Thursday, 04/07/2022 4:27:50 PM

Thursday, April 07, 2022 4:27:50 PM

Post# of 198954
Hey Finance. Waiting for our film session to begin so I'll answer that one.
My background: Corporate auditor for over 30 years pushing paper for the largest health care provider in the world.
There are what's called "swim lanes" in an audit. A swim lane may be a facility that you are auditing.
Within that large facility swim lane are all of the smaller swim lanes that determine whatever the audit is requested for: viability, loss, gain, etc.
Those smaller lanes may be: revenue streams, expenditures, capital outlays, dead stock, expiring contracts, etc.
Once a swim lane is no longer viable it is no longer relevant to the audit. For instance if I am looking at your share issuance argument I don't find it viable for a number of reasons, but, you only need one to close the swim lane.
You can scroll down the Share Issuance History and see all of the activity. It is relevant until 10/09/2020. It states, "No new issuances after this date". If you recall the Bioclonics/ENZC merger was 12/01/2020. That means, in my opinion, that the swim lane prior to the merger closed 10/09/2020 and has no relevance.
Beginning an audit of the new company from 12/01/2020 you can see "no dilution" posted 5 consecutive times in chronological order. Pretty clean.
That doesn't mean that there aren't skeletons in the closet and audits can be completed and shelved for any number of reasons.
I do find something interesting about this disclosure. Audits are requested for a reason, maybe in this case to become fully reporting.
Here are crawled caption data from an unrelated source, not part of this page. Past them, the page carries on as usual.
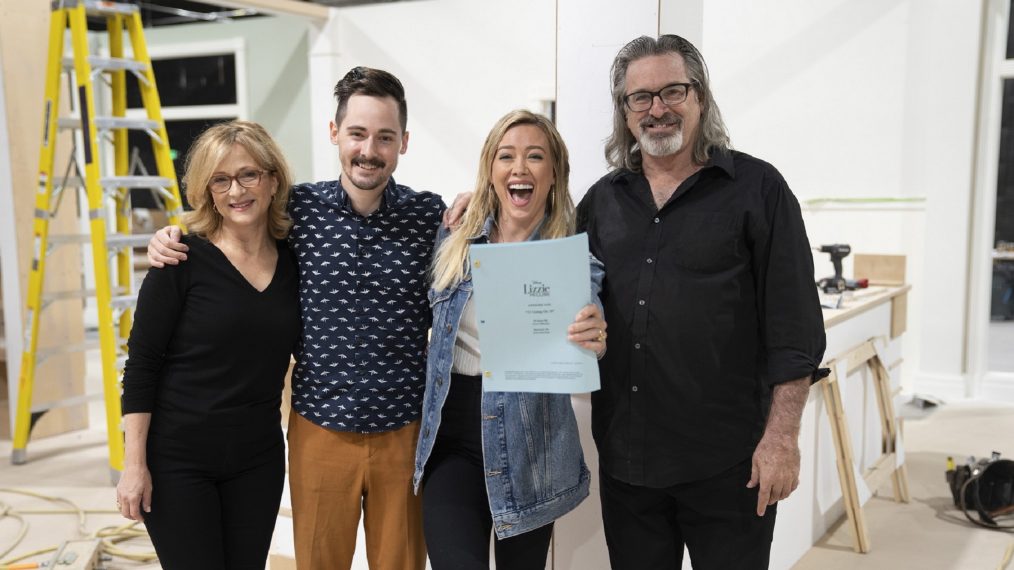 Lizzie McGuire cast - Hallie Todd, Jake Thomas, Hilary Duff, Robert Carradine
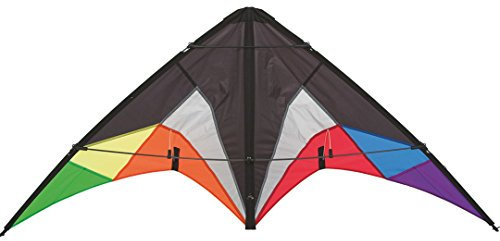 HQ 11234630 - Quickstep II Black Rainbow Lenkdrachen Zweileiner, ab 10 Jahren, 60x135cm, inkl. 20kp Polyesterschnüre 2x20m auf Winder mit Schlaufen, 2-5 Beaufort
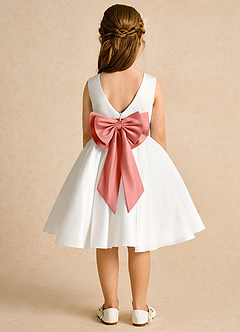 Azazie Sosie Flower Girl Dresses Ivory Salmon Pink A-Line Pleated Matte Satin Dress image1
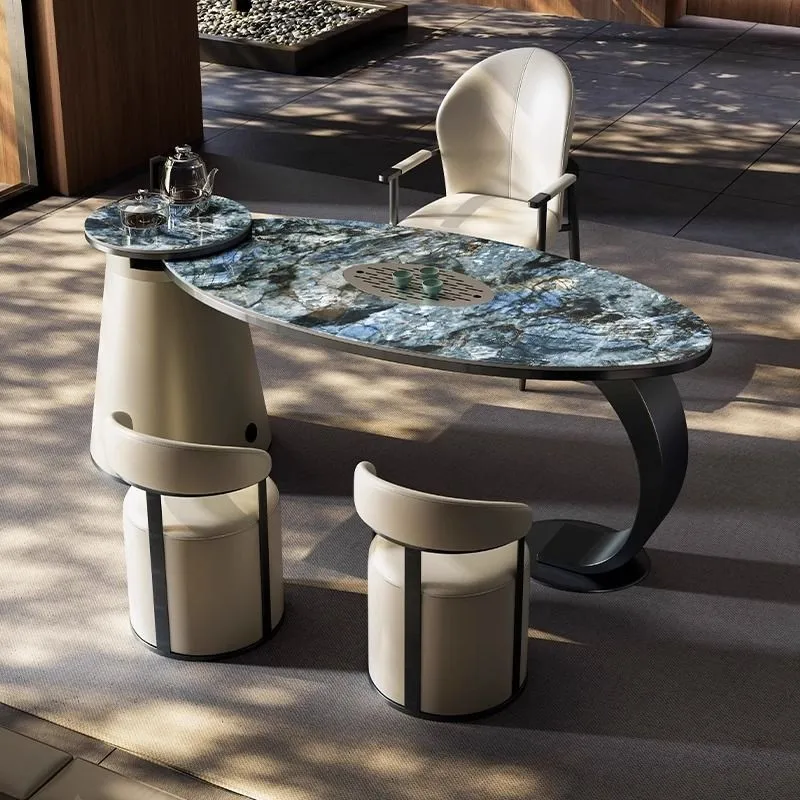 

Italian light luxury rock slab tea table small household tea table office coffee table kettle integrated balcony
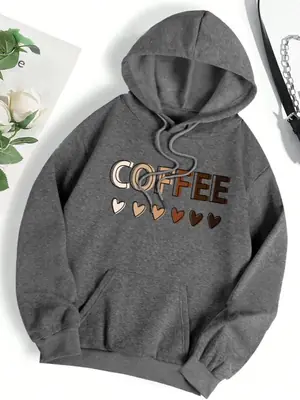 Image de Sweat à Capuche Imprimé Amour Café - Mode Féminine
Audits are an absolute thing and, if this information has been available for some time, why disclose it now? In my opinion there has to be a reason. It could possibly be the new auditing company requested it before submitting their findings. It could also be for a different reason. In any case it's out there and doesn't change my investment strategy. I hope this helps. Hey MAGA, Jim46, Timing101 and all the longs. I'll try to chime in again when I can.